Sometimes there are several reasonable representation options and you have to make an engineering decision. Other times, there is one representation option that is obviously superior. But often enough there is one representation option that is obvious, but not necessarily superior. You don't want to pick a representation simply because it is obvious.

Let me give a concrete example. The problem is implementing a Tic Tac Toe server. Our junior programmer reasons as follows: the game is played on a three by three grid, which should obviously be a three by three array. This gives us aref and (setf aref) as primitives. We obviously need an add-mark! procedure that writes a mark into the grid at a location (and errors if the location is already marked).

(defun add-mark! (grid row column mark)
  (if (null (aref grid row column))
      (setf (aref grid row column) mark)
      (error "Cell occupied.")))

There is a bug here. If two threads call add-mark! on the same location simultaneously, one should succeed and the other should signal “Cell occupied.” The above code doesn't guarantee this.

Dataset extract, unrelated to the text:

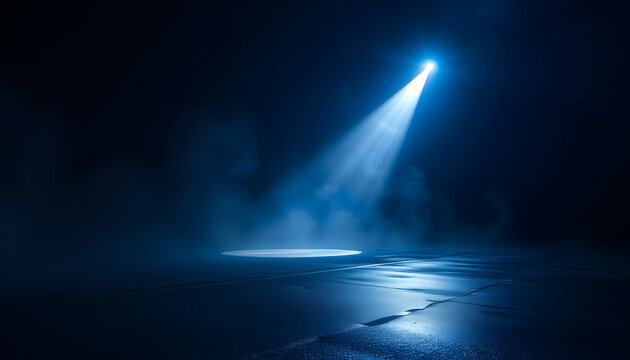Rays searchlight light blue neon . Dark empty scene with  smoke. Reflections on wet asphalt, one line art. White tone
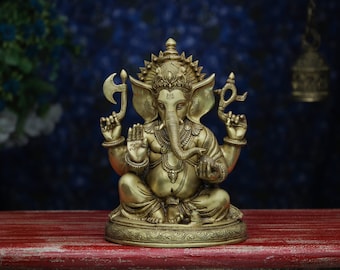 Ganesha Statue, Ganesha Statue, Lord Ganesha Statue, Ganesha Statue, Messing Elefant Gott, Glücksgott, Vinayaka Statue, Wohnkultur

So let's back up. Our more experienced programmer reasons like this: since we're writing a server we can expect multiple threads. An approach relying on mutable state will need synchronization mechanisms, but synchronization is a non-issue if we use immutable representations. If we decide on immutable representations, then we'll have operations like add-mark which returns a fresh object rather than mutating the existing one.

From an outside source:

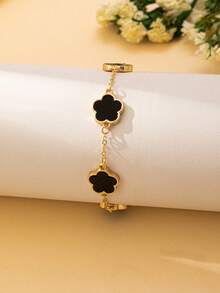 Set de 5 piezas de pulseras con dijes de trébol de colores a la moda, set de pulseras versátiles para mujer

Rather than immediately pinning down a representation, our experienced programmer considers the Tic Tac Toe abstraction. What are the fundamental abstract operations? We need to be able to create an fresh game, make a mark, check to see if there are three in a row, check to see if any empty spaces are left, and print a grid. Certainly you can implement all of these if you are given aref and (setf aref), but you might choose to do things differently based on how the abstraction is going to be used. For example, if you needed to be able to rewind and replay a game, a list of moves might be a better representation.

Of course we consider a three by three array as a possible grid representation. But arrays are designed to be modified in place, so we're going to be pulled towards using them as mutable state. We have an engineering choice:

  • Implement non-destructive operations by copying the array when necessary.
  • Represent the grid differently, e.g., a pair of bitmaps.
  • Represent the entire game differently, e.g. as a list of moves
  • Implement a synchronization mechanism, e.g. a mutex
  • Punt, and let clients of the implementation figure out how to deal with the thread safety problem

A three by three array is an obvious choice for a Tic Tac Toe implementation. Depending on other considerations, though, it isn't obviously the best choice.